Yeah, they are all there. Please do report if that fixes your 64-bit
kernel with 32-bit user space issues (I tested that case, but I don't have
a full 32-bit environment, so I only tested it on a fairly simple
test-case that showed the pre-patch problem that the series fixes).

Btw, that 221af7f87 commit (even with the fix) is kind of nasty in that it
changes semantics without then fixing up the users in the same commit.
Normally we wouldn't accept anything like that, but it was supposed to
only change semantics for a case that was already broken, and is pretty
rare (the transition from 32-bit to 64-bit and vice versa).
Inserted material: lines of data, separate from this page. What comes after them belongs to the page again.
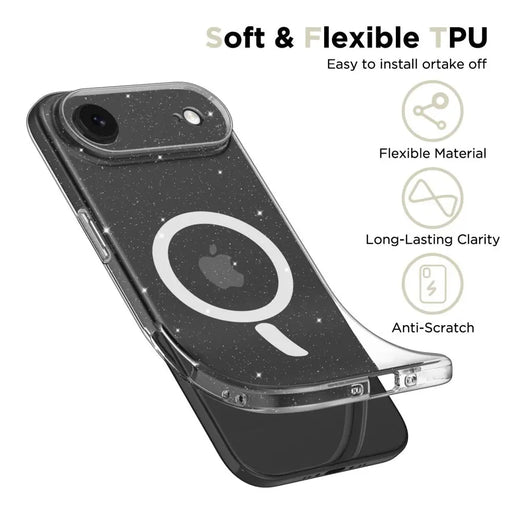 Tech-Protect FlexAir MagSafe Case for iPhone 17 Air - Clear Glitter - Cell phone cases and covers<<<HurtelXML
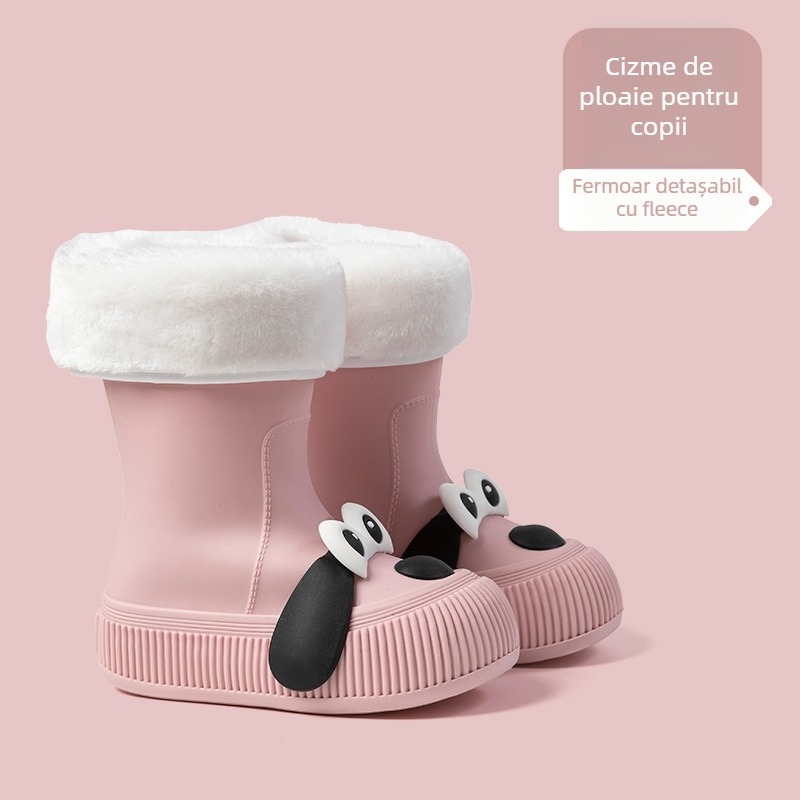 Cizme de ploaie pentru copii, model Cartoon, partea superioară din PVC, înălțime mid-calf, căptușite cu fleece, unisex, vârste 13–16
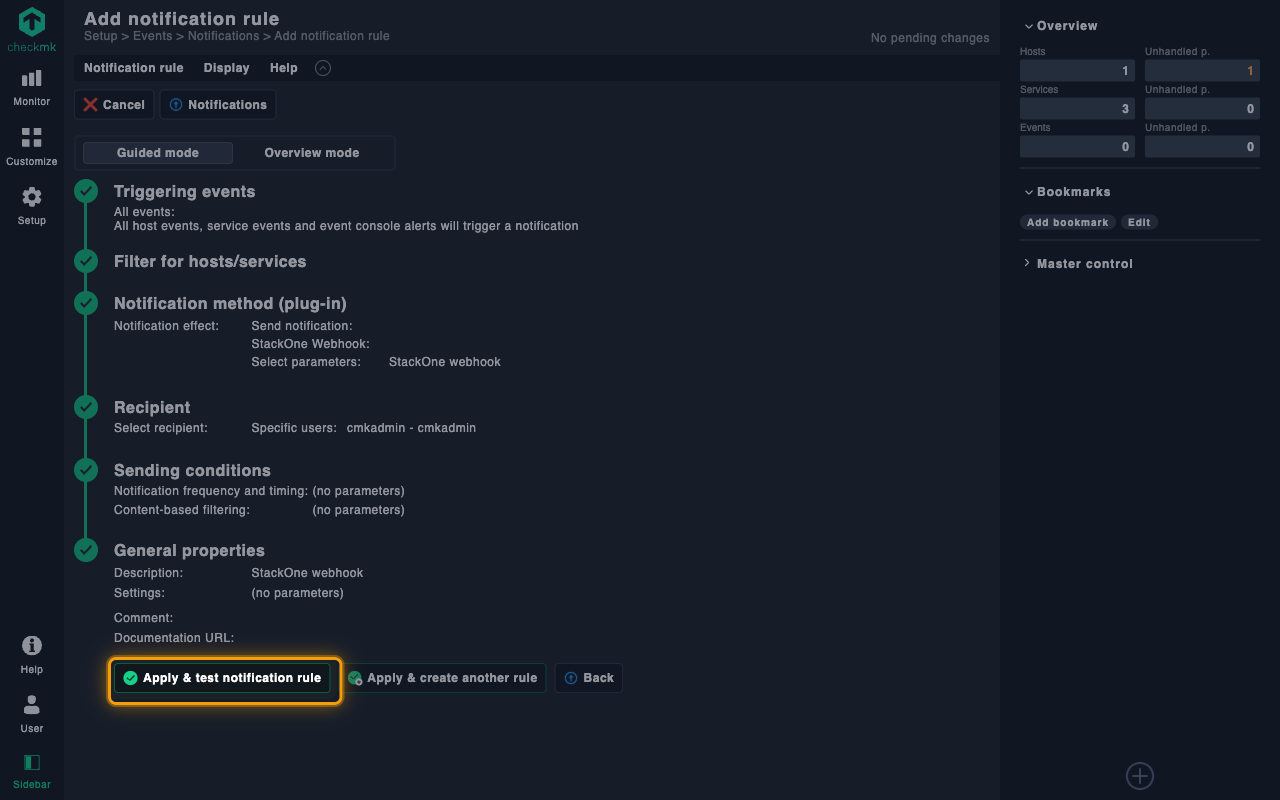 Rule summary with the Apply and test notification rule button highlighted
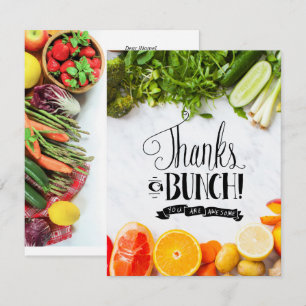 Cartão De Agradecimento Fruta Vegetal Compro temático Obrigado Carro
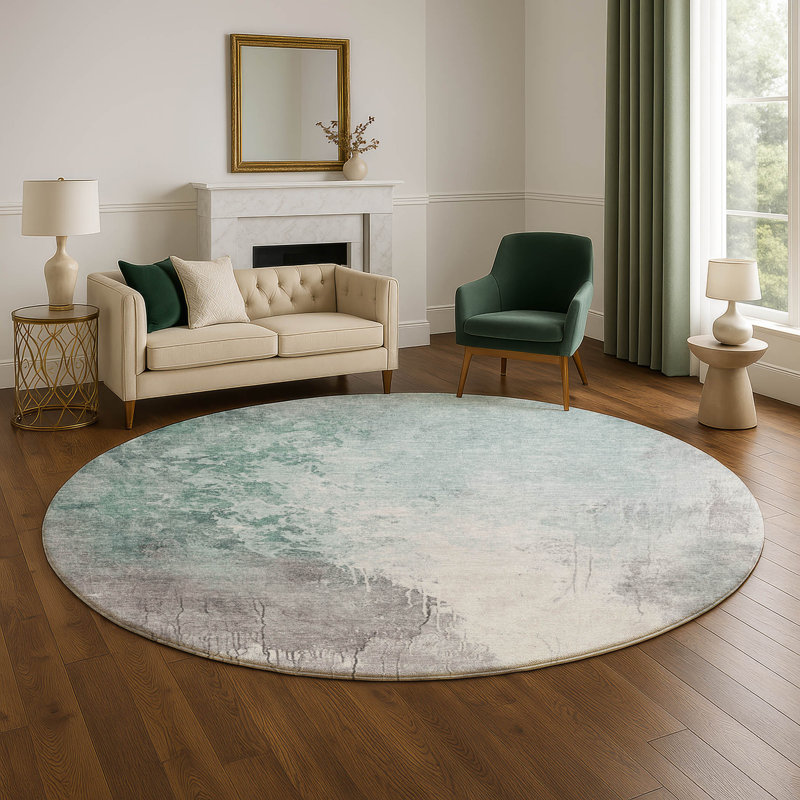 Premium Machine Washable Stallings AMF1842 Abstract Rug, Round 8'
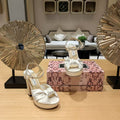 Jimmy Choo Platform Heel 120mm Sandals White Silk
Splitting them up was supposed to make it clearer what was going on and
tint he original version the first patch didn't change semantics. And in
fact, the split-up did indeed then help me chase down the bug that showed
up on Microblaze, because it broke an architecture that shouldn't have
been affected at all ;)

But pretty it wasn't. My bad. It would have been much better if we'd have
fixed this earlier than -rc6, but the bugreport that reported this came in
around -rc5. Unlucky timing (because the problem has been around for a
looong time).

Linus

2010-02-04 18:46:41

by Sven Joachim

[permalink] [raw]
Subject: Re: [stable] [PATCH] Fix 'flush_old_exec()/setup_new_exec()' split

On 2010-02-04 15:38 +0100, Greg KH wrote:

> On Thu, Feb 04, 2010 at 08:29:34AM +0000, Ben Hutchings wrote:
>> On Wed, 2010-02-03 at 21:39 -0800, Linus Torvalds wrote:
>> >
>> > On Thu, 4 Feb 2010, Ben Hutchings wrote:
>> > >
>> > > I'm using Debian i386 (i.e. 32-bit userland) with a 64-bit kernel.
>> > > After applying commit 221af7f to Debian's kernel source (approximately
>> > > equivalent to 2.6.32.7), the kernel fails to exec init. After commit
>> > > 7ab02af it can exec init but that immediately segfaults:
>> >
>> > It sounds like you have picked individual commits.
>>
>> Yes - I'm one of the kernel package maintainers and we're sticking with
>> 2.6.32-stable.
>>
>> > But you don't mention commit 05d43ed8a, which is also a required part of
>> > the series.
>> >
>> > So you _should_ have a combination of
>> > - 221af7f87 ("Split 'flush_old_exec' into two functions")
>> > - 05d43ed8a ("x86: get rid of the insane TIF_ABI_PENDING bit")
>> > - 7ab02af42 ("Fix 'flush_old_exec()/setup_new_exec()' split")
>> >
>> > (and there are also additional sparc/ppc versions of that TIF_ABI_PENDING
>> > bit removal, but they shouldn't matter on your system)
>>
>> Thanks. If all the necessary patches are all in the stable queue then
>> we can pick them from there.
>
> They should all be there already, if not, please let me know.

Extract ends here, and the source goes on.